Catastrophe Savings Accounts allow South Carolina residents to prepare for the financial
impact of a catastrophic storm and save on South Carolina income taxes. The purpose of
this guide is to answer some frequently-asked questions about these accounts.

   1.   Why open a Catastrophe Savings Account?

        Catastrophe Savings Accounts allow you to set money aside, state income tax-free,
        to pay for qualified catastrophe expenses.

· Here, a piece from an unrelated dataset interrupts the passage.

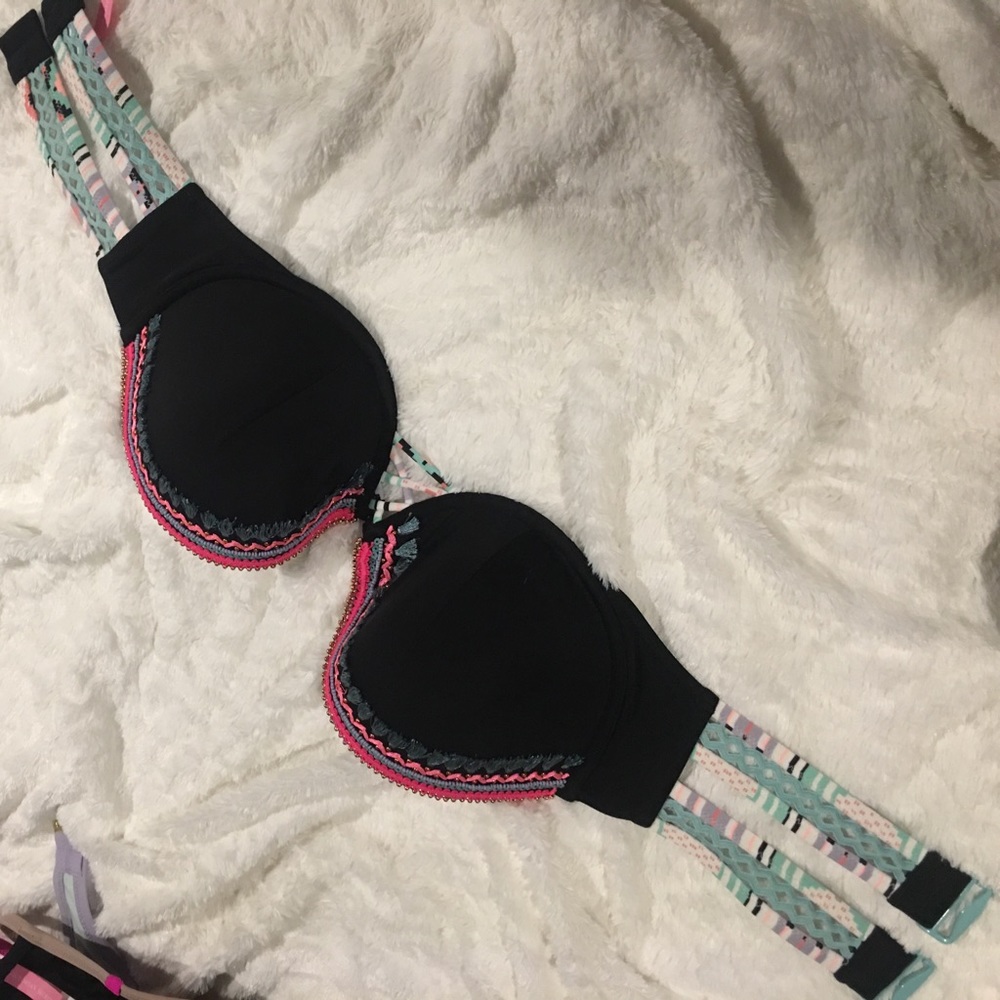 Victoria's Secret bandeau bikini top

        Subject to the dollar limitations discussed below, the amount you contribute to your
        Catastrophe Savings Account can be deducted in computing your South Carolina
        taxable income.

        Any interest earned by the Catastrophe Savings Account will be exempt from state
        income tax and should be subtracted in computing your South Carolina taxable
        income.

        If you withdraw funds from your Catastrophe Savings Account to pay for qualified
        catastrophe expenses, you do not have to include the withdrawal in your South
        Carolina taxable income.
   2.   What are qualified catastrophe expenses?
        Qualified catastrophe expenses are expenses paid or incurred by reason of a major
        disaster that has been declared by the Governor to be an emergency by Executive
        Order.

        These expenses include payment of insurance deductibles and other uninsured risks
        of loss from hurricane, rising floodwaters or other catastrophic windstorm event
        damage.

               Example 1. Tom has a $1,000 insurance deductible. Tom established a
               Catastrophe Savings Account. Hurricane Devon made landfall in South
               Carolina and the Governor declared a State of Emergency. Tom can withdraw
               money from his Catastrophe Savings Account to pay for the $1,000 insurance
               deductible. The $1,000 withdrawal will not be included in his South Carolina
               taxable income for that year.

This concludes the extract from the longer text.